Stabroek News has been reliably informed that the decision to discipline them came following a high-level meeting on Friday afternoon, at which the police were assessing their response or lack thereof to a PNCR march, which went out of control.
This newspaper understands that the two officers – an inspector and an Assistant Superintendent of Police (ASP) both of whom are attached to the Tactical Services Unit (TSC), Eve Leary, have now been assigned to Kamarang and Mabaruma respectively.
According to the information, the two ranks were held to be at fault by their superiors, who considered that they had the power to stop the protestors before they reached parliament and then again at the corner of Regent and Wellington Streets.
President Jagdeo, when asked about the transfers at a press conference in State House yesterday, denied knowledge of them.
Stabroek News was told that on Thursday ranks had formed a human barricade across Wellington Street just off Regent Street, to prevent the crowd from reaching Freedom House.
However, no attempt was made by the heavily armed ranks there to disperse the crowd using tear gas or any other form of force.
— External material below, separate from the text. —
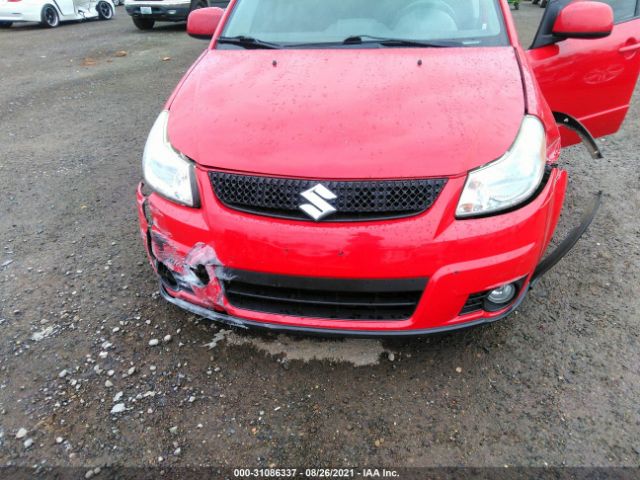 Photo 5 VIN: JS2YB5A38B6303262 - SUZUKI SX4 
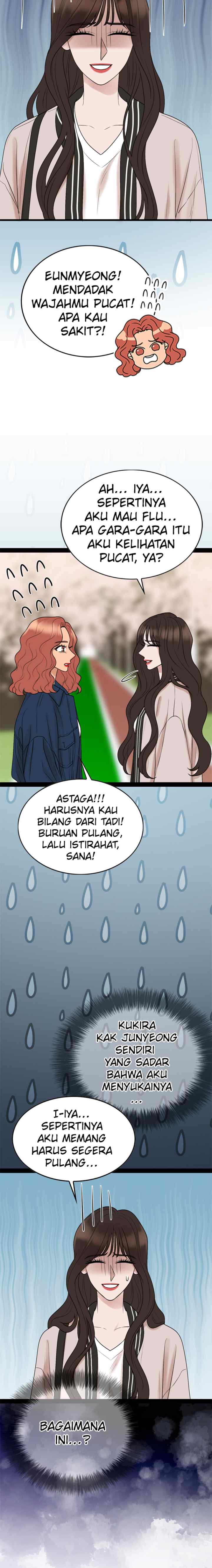 Celebrity Roommate chapter 30 halaman 9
Things at this point got out of control with the protestors splitting up into groups and going off in separate directions.
The PNCR and its supporters embarked on a two-day march, which started on Thursday to protest the rising cost of living.
At Thursday’s march, Corbin had vowed that the protest marches would continue.
The march on that day had seen protesters overrunning police barriers and burning mock coffins and an effigy of President Bharrat Jagdeo in front of Parliament Building. During this march, the protestors altered the designated route and in one instance ended up in front of Parliament Building.
Then on Friday, the protest action was taken to the Office of the President, where protestors including opposition leader Robert Corbin shouted slogans and waved placards bemoaning the hardships citizens were enduring as a result of VAT and rice prices, among other things.
After about an hour of protest action outside OP, the protestors moved up Regent Street to Vlissengen Road and headed to the Square of the Revolution. Some then went to the Ministry of Human Services, where a similar exercise was held.